4) The court found that the marital home was the only asset of the parties, and then appeared to announce that the house was to be sold and the proceeds split. The wife was to remain in the marital home until the sale, and each party was to be responsible for one-half of the mortgage payments.

Although the court stated, " [Y]ou have a choice either to sell the house . . .," it never listed an alternative.

The trial court did not reduce its oral rulings to a final judgment until four months after the final hearing. In the final judgment, the trial court ruled as follows:

1) The husband was ordered to pay half of the day care expenses on a bi-monthly basis.

2) The parties were to "hold each other harmless and indemnify each other from any liability as of the date of the final hearing."

3) The husband was awarded visitation on alternating weekends and holidays, with an extended summer visitation of one month. During the extended visitation, the wife was to pay the husband $157.20 in child support.

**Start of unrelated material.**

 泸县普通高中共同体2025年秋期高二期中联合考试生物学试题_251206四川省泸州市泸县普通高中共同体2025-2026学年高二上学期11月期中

4) The court awarded the wife exclusive use and possession of the marital home, ordering her to be responsible for all mortgage payments, taxes, insurance, and repairs.

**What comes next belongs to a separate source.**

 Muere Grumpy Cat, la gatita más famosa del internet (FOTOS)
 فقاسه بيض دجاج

We find no merit to any point raised by the wife's appeal. However, because the term "bimonthly" is ambiguous and can mean either twice each month or once every two months, we remand for a clarification regarding the frequency of the day care contribution imposed on the husband.

On the husband's cross-appeal, we agree that the trial court erred in failing to conform the final judgment to the oral pronouncements. Cf. Meyer v. Meyer, 525 So.2d 462, 464 (Fla. 4th DCA) (entry of written judgment by trial court containing provision materially different from that which court announced at trial was substantive error, not clerical mistake), rev. denied, 536 So.2d 244 (Fla. 1988); Wilder v. Wilder, 251 So.2d 311, 313-314 (Fla. 4th DCA 1971) (same). We therefore reverse those portions of the final judgment that deal with the husband's visitation rights and the amount of child support that the wife was to pay the husband during the month-long summer visitation, and remand with directions to conform the written judgment to the court's oral pronouncements.

Furthermore, the trial court abused its discretion in awarding the wife sole use and possession of the marital home. Although the trial court did not specify the basis for this award, we find no support in the record for the award as lump sum alimony. See Canakaris v. Canakaris, 382 So.2d 1197 (Fla. 1980). Accordingly, we reverse that portion of the final judgment that awarded the wife sole possession and occupancy of the marital home and remand with directions to award the wife exclusive possession of the marital home until the minor child reaches the age of majority. See Satanonchai v. Satanonchai, 522 So.2d 1030 (Fla. 3d DCA 1988) (trial court should have awarded wife exclusive use and occupancy of marital home until children, who were in her custody, reached age of majority); Farrington v. Farrington, 390 So.2d 461 (Fla. 3d DCA 1980) (exclusive possession of marital home by custodial parent until child reaches majority proper incident of child support), rev. dismissed, 399 So.2d 1142 (Fla. 1981).

Because the trial court denied the wife a special equity in the house, the award cannot stand on that basis.

Upon remand, the trial court shall provide that the party responsible for the mortgage payments and other expenses incident to ownership receive a credit upon the sale of the home. See Kelly v. Kelly, 583 So.2d 667 (Fla. 1991); Tinsley v. Tinsley, 490 So.2d 205 (Fla. 3d DCA 1986).

The husband also argues that the trial court erred in failing to distribute the parties' personal property. Because we are not able to determine from the record whether there was a distribution of personal property, we direct the trial court, upon remand, to conduct further proceedings on this matter. § 61.075, Fla. Stat. (1989). Likewise, the trial court erred in neglecting to distribute the marital liabilities. § 61.075; Italiane v. Italiane, 342 So.2d 1003, 1005 (Fla. 4th DCA 1977).

In an earlier proceeding in the litigation, a general master issued a report that resolved a number of the issues raised in the cross-appeal. The ultimate disposition of that report is not clear.

We find no merit to the remaining issues on cross-appeal.

Affirmed in part; reversed in part; remanded with directions.